(Scraped caption text data)
--------------------
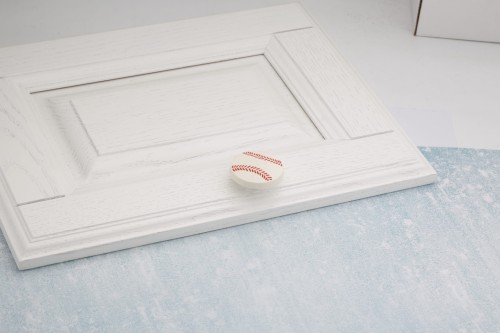 Gałka meblowa w kształcie piłki do baseballu zamontowana na białym froncie szuflady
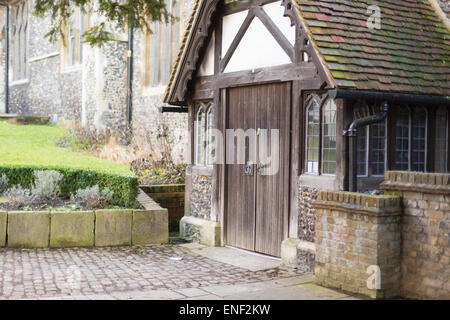 Side view of the Courtyard and main entrance doorway to the oldest church in Guildford, Surrey: St Mary's. Stock Photo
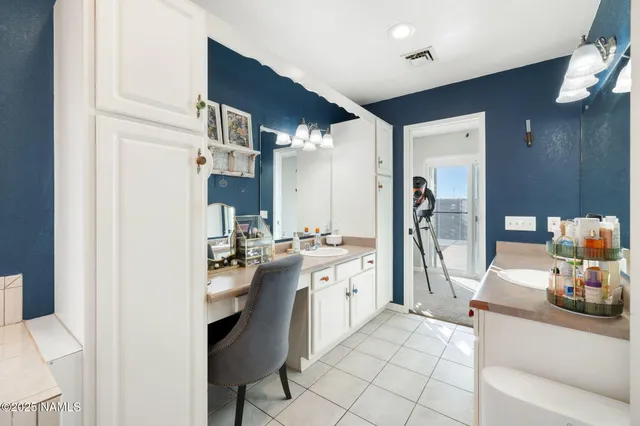 a spacious bathroom with a large mirror a bathtub and a chandelier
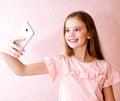 Portrait of cute little girl taking a selfie isolated Royalty Free Stock Photo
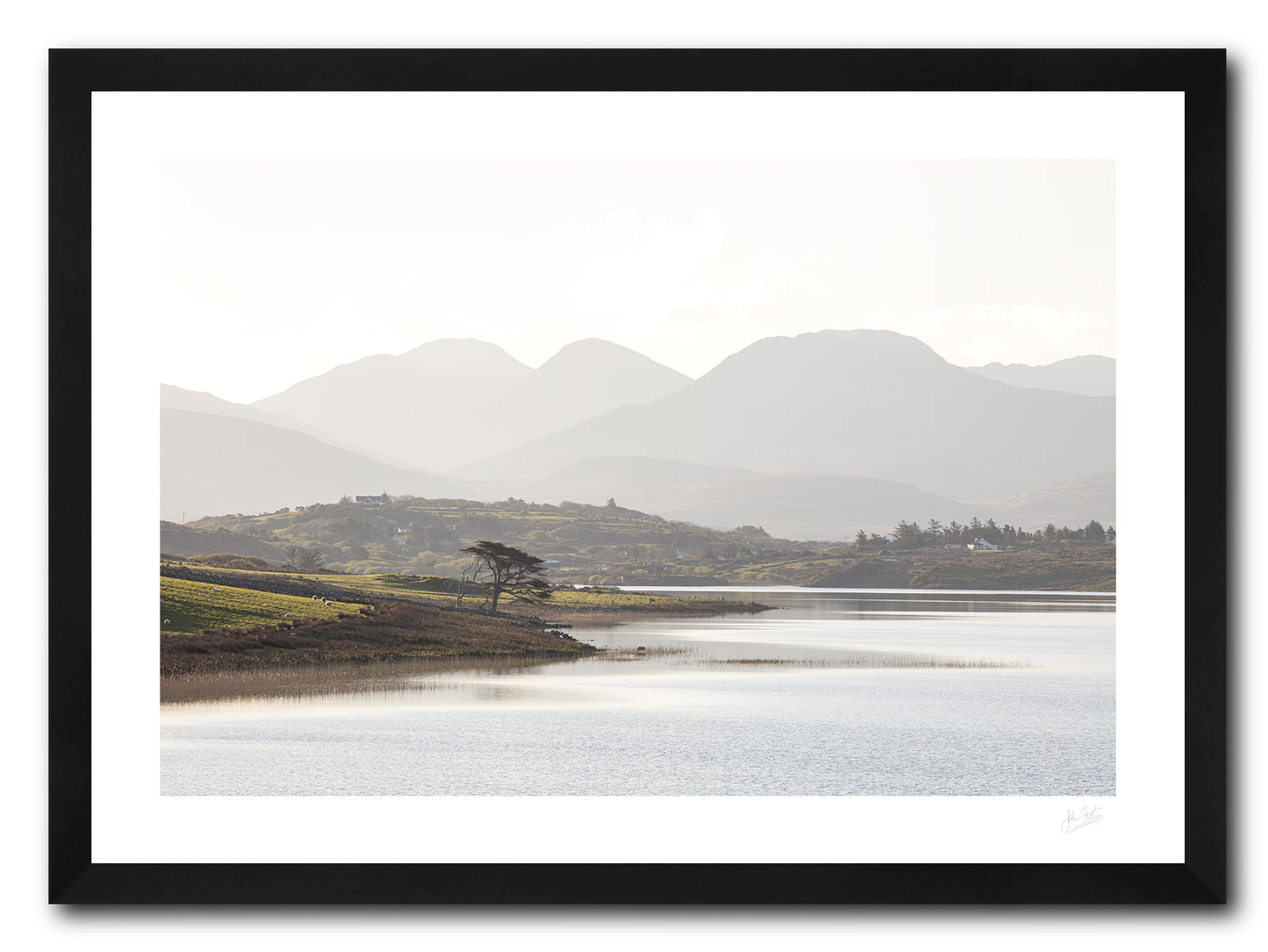 a framed fine art photographic print looking across Ballynakill Lough, Connemara to the 12 Bens mountain range on a bright summer morning, available to buy online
--------------------
REQUIRED WORK: Every record above must be printed exactly, except for its images.

EXERCISE ANSWER:
 Gałka meblowa w kształcie piłki do baseballu zamontowana na białym froncie szuflady
 Side view of the Courtyard and main entrance doorway to the oldest church in Guildford, Surrey: St Mary's. Stock Photo
 a spacious bathroom with a large mirror a bathtub and a chandelier
 Portrait of cute little girl taking a selfie isolated Royalty Free Stock Photo
 a framed fine art photographic print looking across Ballynakill Lough, Connemara to the 12 Bens mountain range on a bright summer morning, available to buy online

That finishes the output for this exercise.